もっとも、クルーガーVをベースとしてトヨタが2008年に国土交通省の型式認証を受けたFCV「FCHV-adv」は、エンジンルーム内に燃料電池やモーターを収めた当時としては珍しいレイアウトを採用していた。70MPaというそれまでの2倍の圧力で水素を貯蔵するタンクを搭載し、室内空間を維持したまま830km(10・15モード)と、航続距離をその前のタイプの2倍以上に延ばしたのも大きな特徴だった。
MIRAIは燃料電池を床下に
ところが、である。トヨタのFCVである「MIRAI」は、なんと燃料電池をエンジンルーム内に置いていたFCHV-advのやり方をやめ、運転席のフロア下に燃料電池を配置するレイアウトに変更したのだ。燃料電池やバッテリーといった重量物をなるべく車体の重心近くの低い位置に集めることで、車両の運動性能を向上することを狙った。これは、ホンダの先代のFCVであるFCXクラリティの考え方に近い。
一方のホンダの最新FCVであるクラリティFCは、燃料電池や駆動モーターなどの動力源を、すべてエンジンルーム内に納めたパッケージングが特徴だ。燃料電池と駆動モーターを合わせた大きさを、同社のV型6気筒エンジン+変速機とほぼ同等の大きさにすることで、これを可能にした。このレイアウトは、むしろトヨタの先代FCVであるFCHV-advに近い。

つまり、トヨタとホンダのFCVは、先代と最新型で、それぞれレイアウトをそっくり入れ替えたような格好になっているわけだ。

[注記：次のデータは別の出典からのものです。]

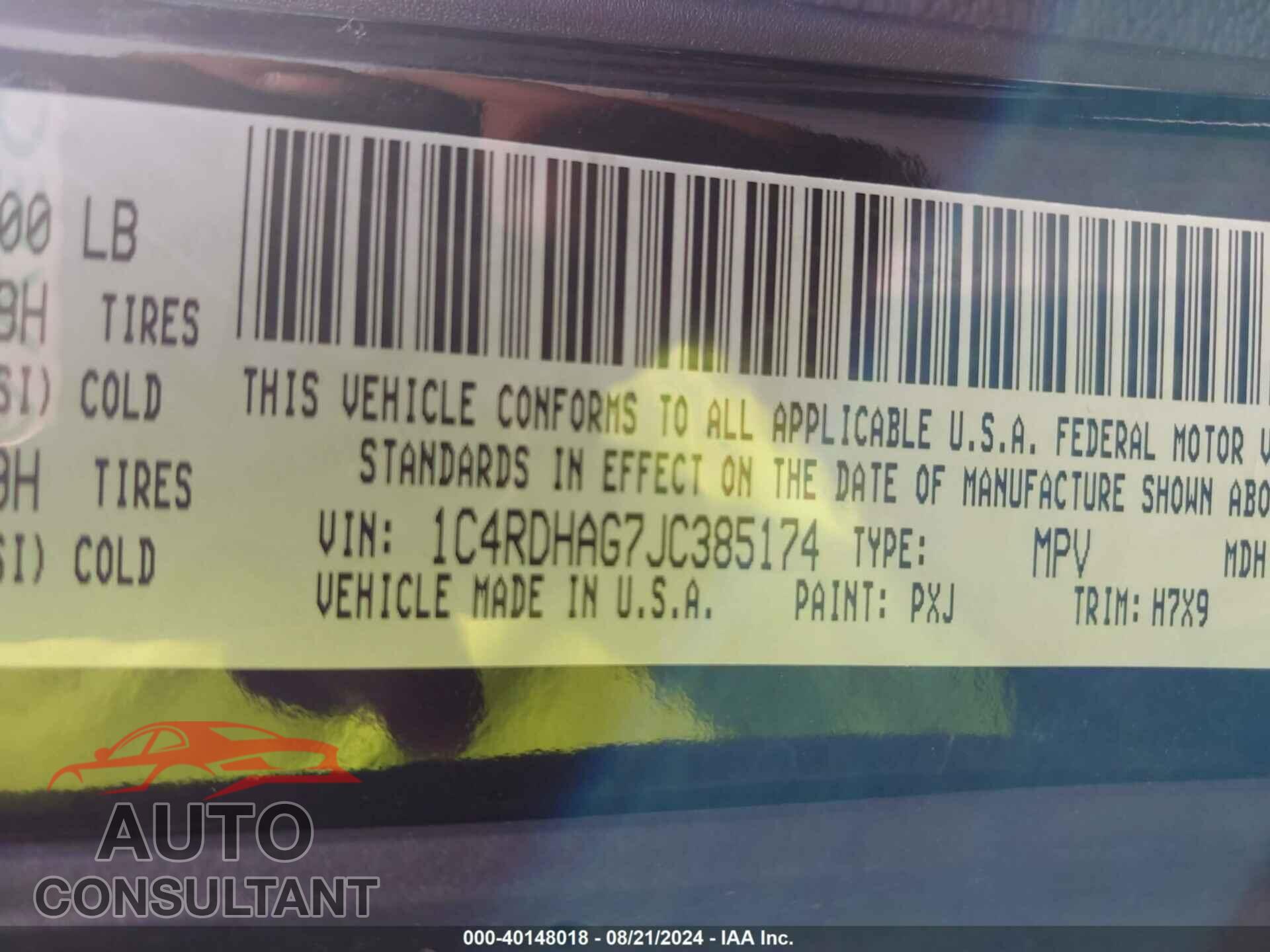 DODGE DURANGO 2018 - 1C4RDHAG7JC385174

FCVという同じ目的の車両を開発するのに、両社は正反対の選択をしたわけで、ダウンサイジングエンジンに次いでの出来事だから、これは非常に興味深い。
横展開を視野に
そこでクラリティFCの開発責任者である清水潔氏に、なぜ先代のFCXクラリティとはレイアウトを変えたのか聞いてみた。大きな理由は2つあるという。1つは室内スペースの問題だ。クラリティFCと先代のFCXクラリティで、室内の絶対的なスペース(容積)は大きくは変わらないのだが、先代は燃料電池を納めるセンタートンネルが大きく、それが後部座席にまでつながっているため、乗車定員が4人になっていた。「セダンなら5人乗れるべき」(清水氏)というのがレイアウト変更の理由の1つだ。